Developing your Family
In my family, we love to tell stories. The time that….and remember when’s often reflect our love for each other and the intimacy that families share. By rehashing history and sharing memories we forge connections and build the bond of unity.
In Disney’s movie Encanto, the family is held together by an eternally lit magical candle that keeps them safe and provides each family member a special gift or power. Everyone except the heroine Mirabel. With no tangible powers, Mirabel often feels like an outsider in an extraordinary family. She struggles to find her place and her purpose amongst people who appear to have both. We learn through that the story that what she believes and the reality of how people really feel is very different. We, the audience learn along with Mirabel that while her siblings’ gifts look wonderful, they come at a cost.

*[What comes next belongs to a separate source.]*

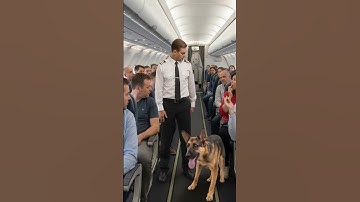Heldhaftige hond redt passagiers voor vliegtuigexplosie | Echte luchthavenredding 2025 ✈️🐕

Luisa has the gift of a strength-every donkey, and every chore is on Luisa’s shoulders. She confides to Mirabel that she doesn’t always feel that strong and that sometimes she just isn’t ok. Isabella can conjure flowers and beauty just by breathing-but she too confides that the pressure of being perfect is a burden and that she wishes she could be free to make mistakes.
Encanto has been dissected by critics far more insightful than me. As a family counselor, the message that resonated with me about Encanto is the message of the family as its own character. The family Madrigal has gotten stuck in the old narrative and in old family roles. The Abuela’s unresolved story and fear were holding the family back from the growth and change it needed. It took Mirabel acknowledging and exposing the cracks for the healing to begin.
I want to suggest one way to bind our family together is to see where our wounds show up in our parenting. Were you the Luisa, the Isabella, the Bruno, or the Mirabel? Each character represents a gift but with each gift comes the belief that we must fulfill a role in the family to be worthy of love. What stories mold the way you see your role in the family? What stories shape the way you see your children?
Finally, I urge you to be mindful of what stories we tell about each other. Does one child get labeled the klutz, the smart one, or the easy one? Notice changes in each other. Allow your family to grow, allow the story of yourself to change. When the foundation is strong the doors and windows can freely open and close.